● **EXERCISE AIM**:
An exact copy of every entry is needed here; the images stay out.
[[ INPUT RECORDS, beginning ]]
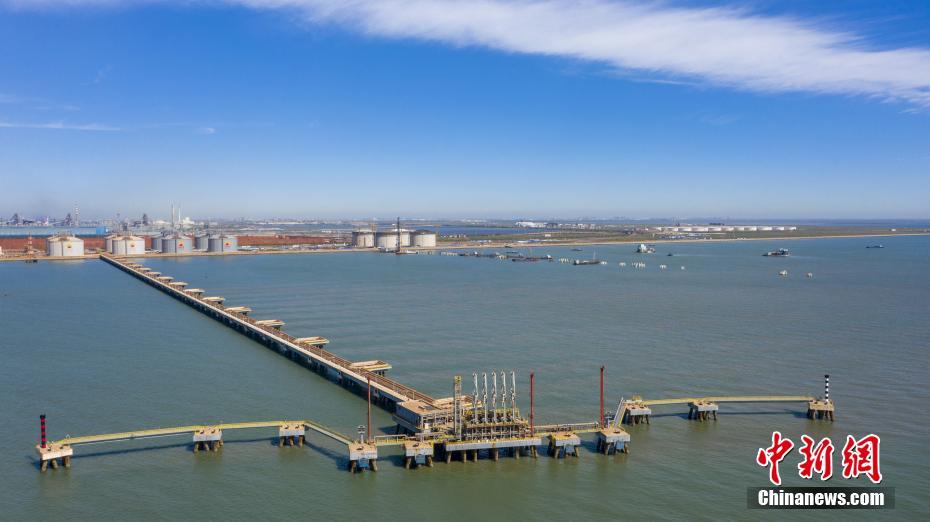 貯蔵量國內(nèi)最大のLNG基地が操業(yè)開始　河北省唐山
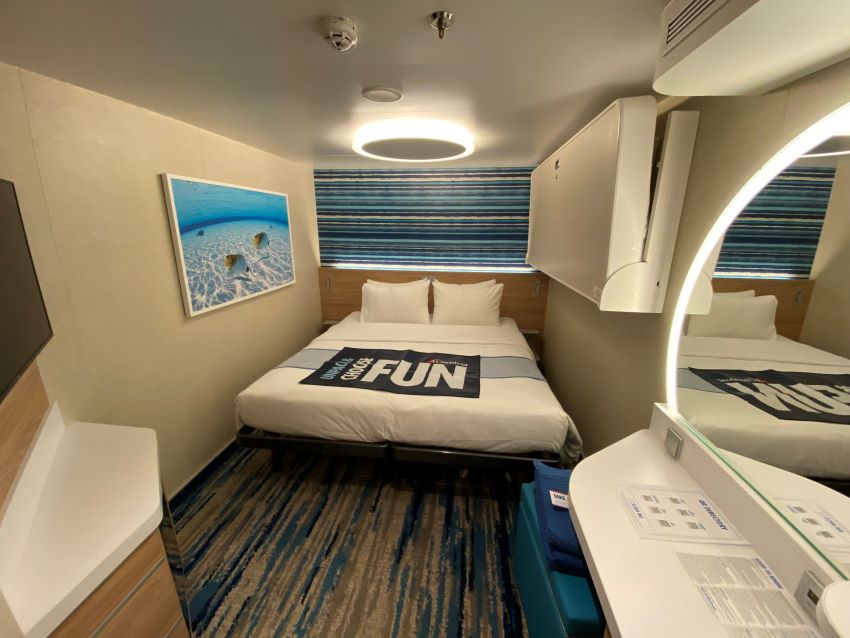 Cruise Ship Rooms: How to Choose the Cabin That's Right for You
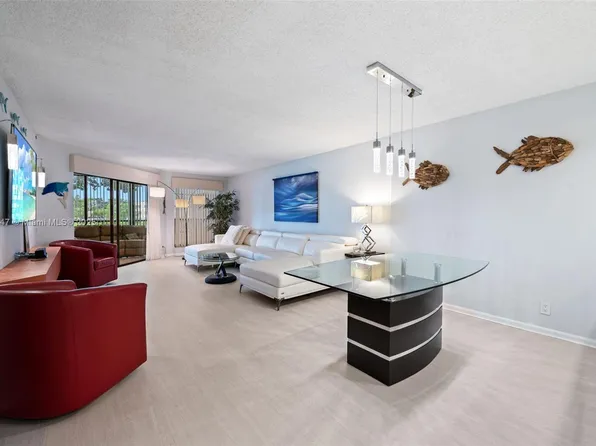 7443 Fairfax Dr #208, Fort Lauderdale, FL 33321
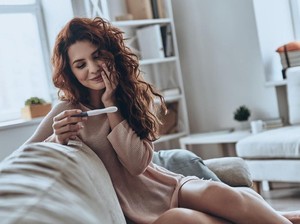 Begini Cara Menggunakan Test Pack yang Benar di Rumah untuk Tes Hamil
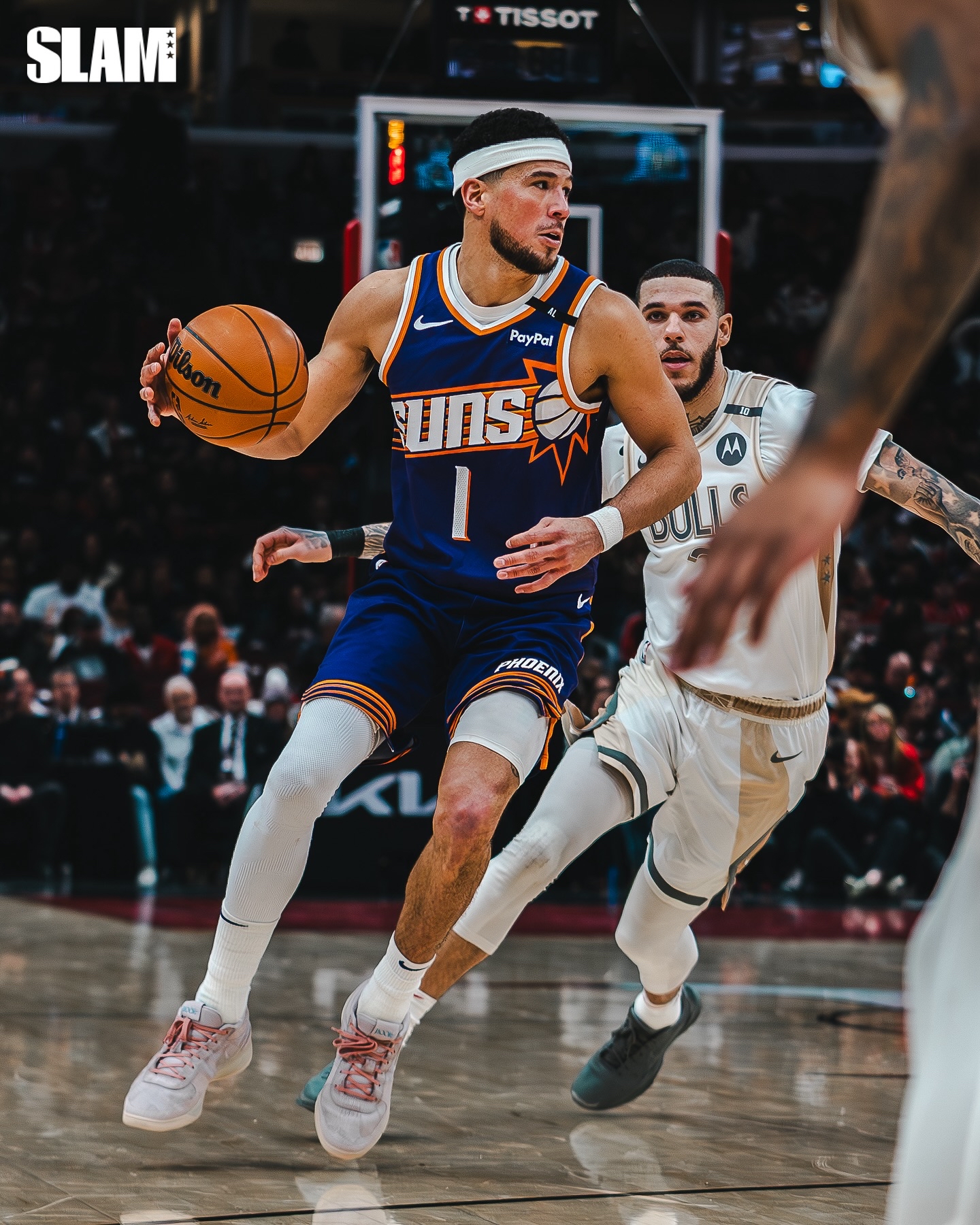 国际比赛日NBA总决赛焦点战；菲尼克斯太阳内部沟通；气氛紧张；更衣室氛围转暖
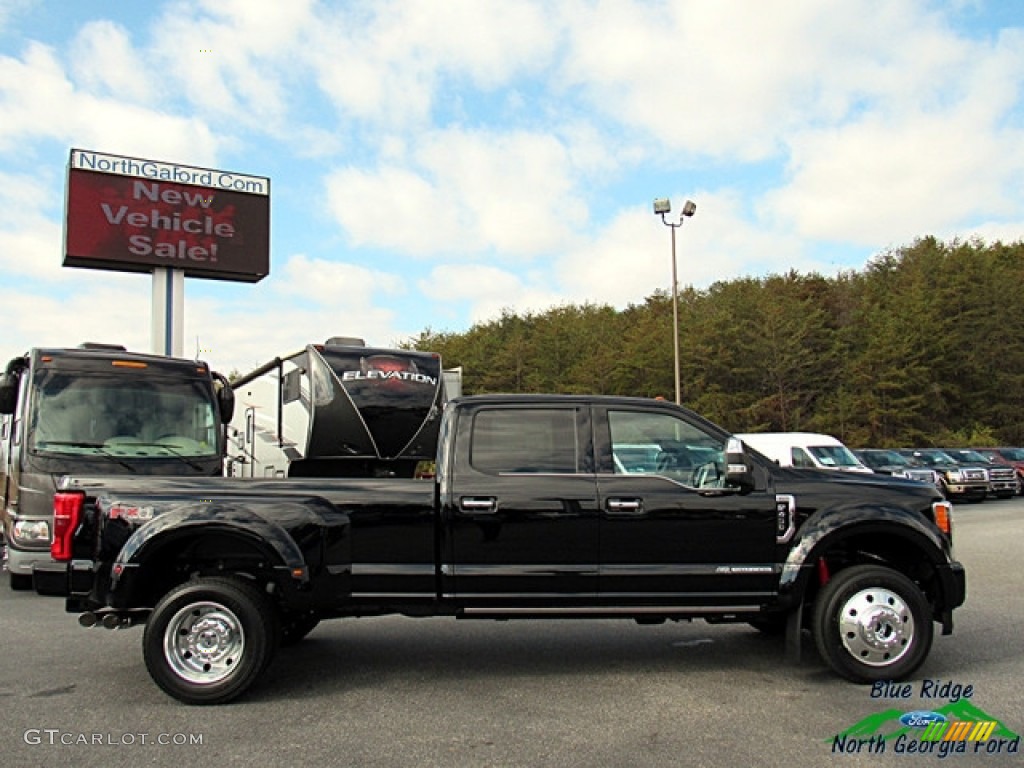 2017 F450 Super Duty Platinum Crew Cab 4x4 - Shadow Black / Black photo #6
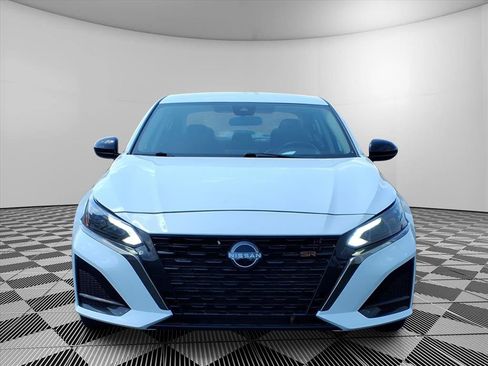 Used 2024 Nissan Altima 2.5 SR FWD image 2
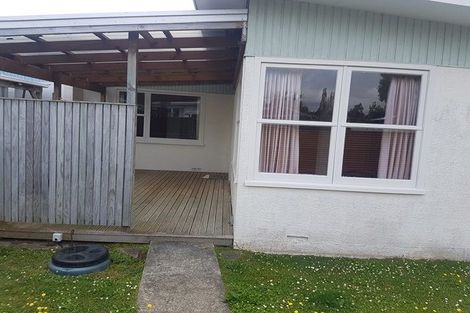 Photo of property in 6 Hollows Crescent, Takaro, Palmerston North, 4412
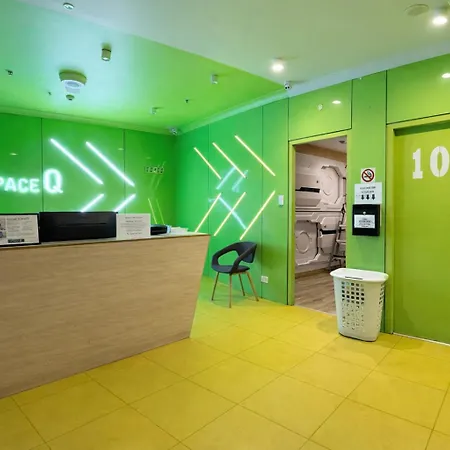Space Q Capsule Hotel-3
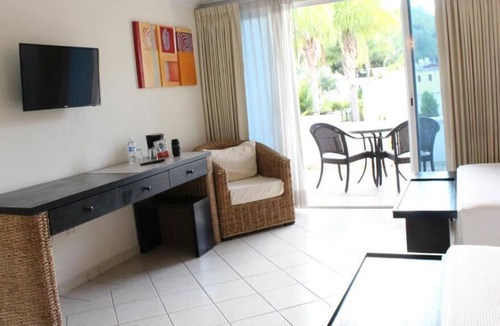 Central Cuernavaca Hotel | Hc Hotel Canarios Resort & Spa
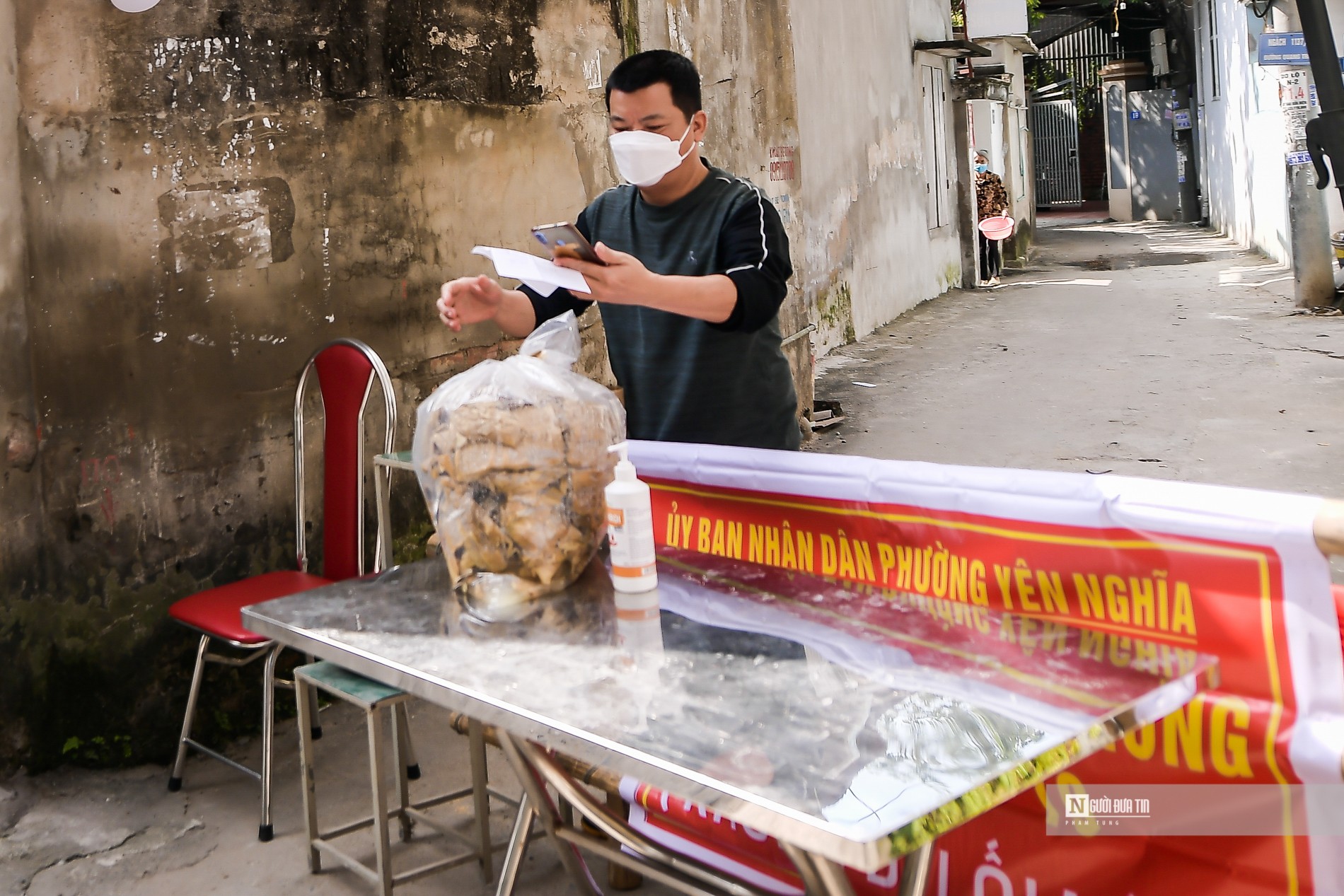 Sự kiện - Hà Nội: Tạm phong toả UBND phường, cùng nhiều khu dân cư liên quan (Hình 9).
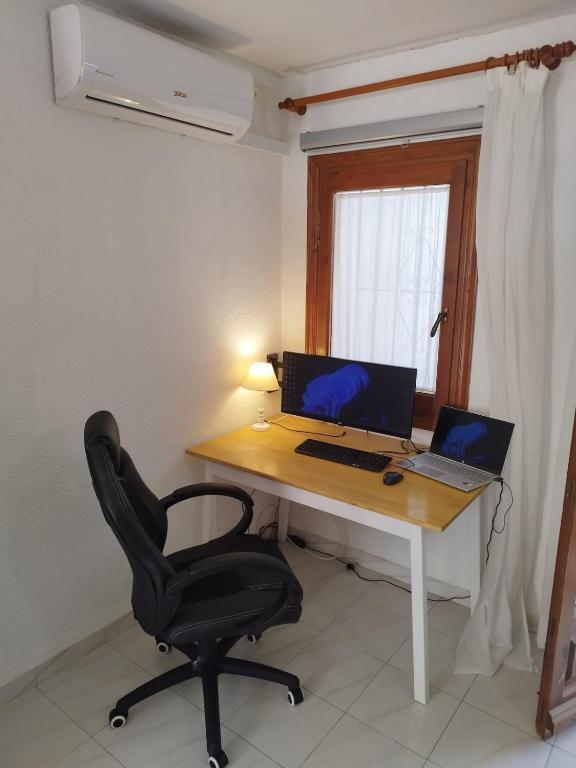 estudio para parejas con piscina en urbanizacion tranquila - 4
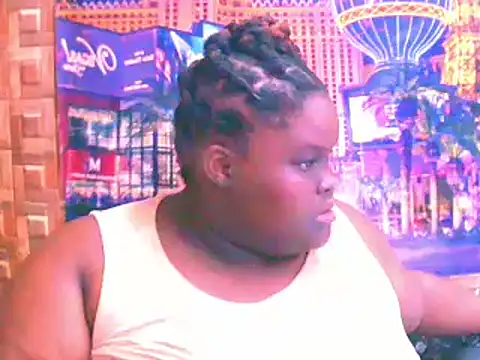 EbonyHotBuns: онлайн-секс-чат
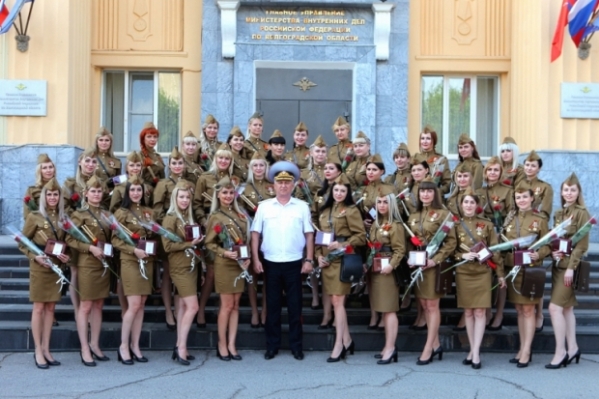 Регулировщиц из Волгограда наградили памятными знаками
[[ INPUT RECORDS, end ]]
● **FINAL ANSWER**:
 貯蔵量國內(nèi)最大のLNG基地が操業(yè)開始　河北省唐山
 Cruise Ship Rooms: How to Choose the Cabin That's Right for You
 7443 Fairfax Dr #208, Fort Lauderdale, FL 33321
 Begini Cara Menggunakan Test Pack yang Benar di Rumah untuk Tes Hamil
 国际比赛日NBA总决赛焦点战；菲尼克斯太阳内部沟通；气氛紧张；更衣室氛围转暖
 2017 F450 Super Duty Platinum Crew Cab 4x4 - Shadow Black / Black photo #6
 Used 2024 Nissan Altima 2.5 SR FWD image 2
 Photo of property in 6 Hollows Crescent, Takaro, Palmerston North, 4412
Space Q Capsule Hotel-3
 Central Cuernavaca Hotel | Hc Hotel Canarios Resort & Spa
 Sự kiện - Hà Nội: Tạm phong toả UBND phường, cùng nhiều khu dân cư liên quan (Hình 9).
 estudio para parejas con piscina en urbanizacion tranquila - 4
 EbonyHotBuns: онлайн-секс-чат
 Регулировщиц из Волгограда наградили памятными знаками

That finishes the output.